Your assignment -
Omit all pictures, then repeat the listing exactly.

Available data -
________
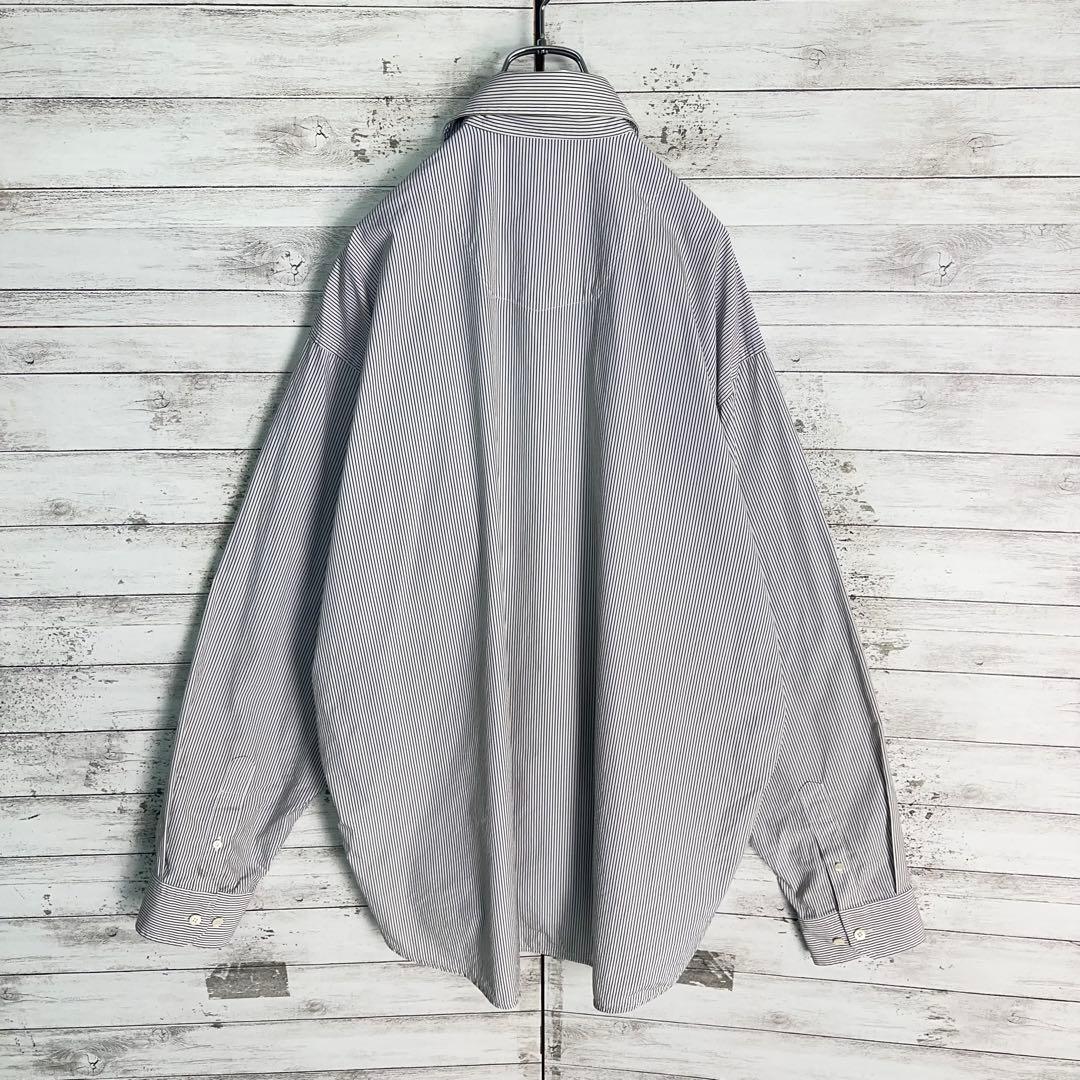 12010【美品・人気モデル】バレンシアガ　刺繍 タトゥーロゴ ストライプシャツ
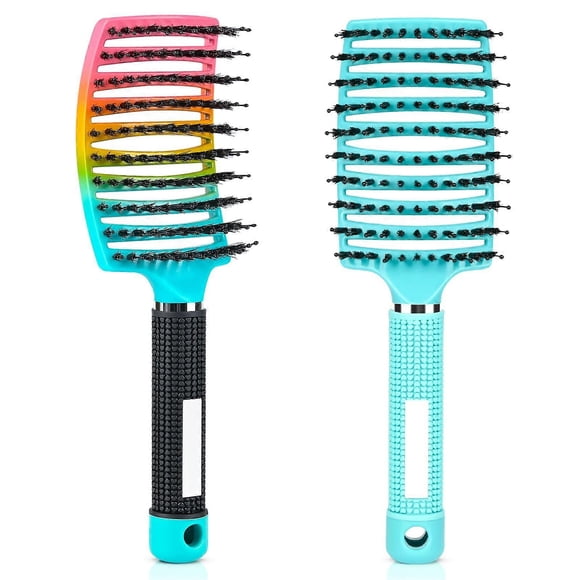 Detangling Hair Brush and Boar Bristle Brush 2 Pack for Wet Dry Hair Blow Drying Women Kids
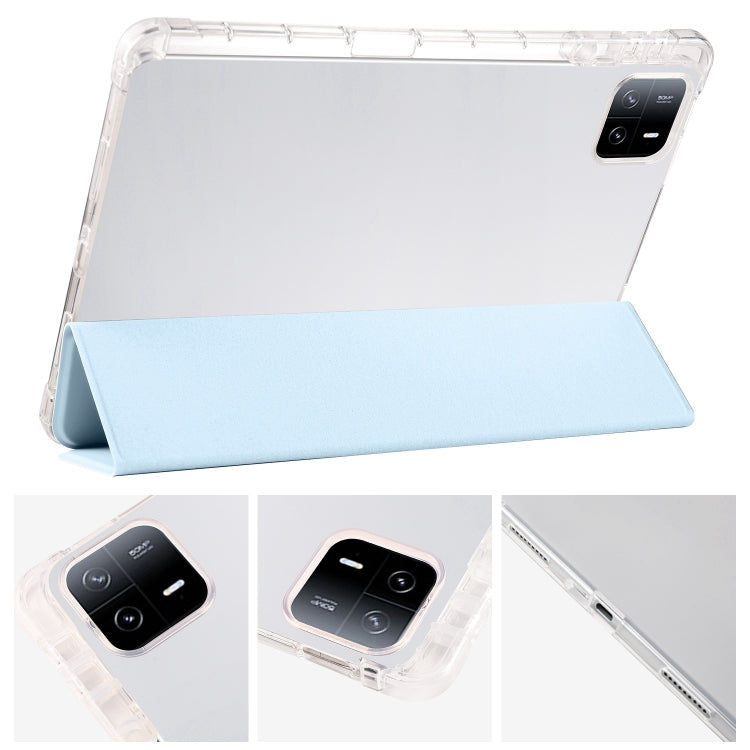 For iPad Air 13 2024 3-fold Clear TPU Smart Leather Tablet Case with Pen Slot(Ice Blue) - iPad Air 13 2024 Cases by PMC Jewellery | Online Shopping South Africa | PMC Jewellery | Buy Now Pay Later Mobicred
________
Worked solution -
 12010【美品・人気モデル】バレンシアガ　刺繍 タトゥーロゴ ストライプシャツ
 Detangling Hair Brush and Boar Bristle Brush 2 Pack for Wet Dry Hair Blow Drying Women Kids
 For iPad Air 13 2024 3-fold Clear TPU Smart Leather Tablet Case with Pen Slot(Ice Blue) - iPad Air 13 2024 Cases by PMC Jewellery | Online Shopping South Africa | PMC Jewellery | Buy Now Pay Later Mobicred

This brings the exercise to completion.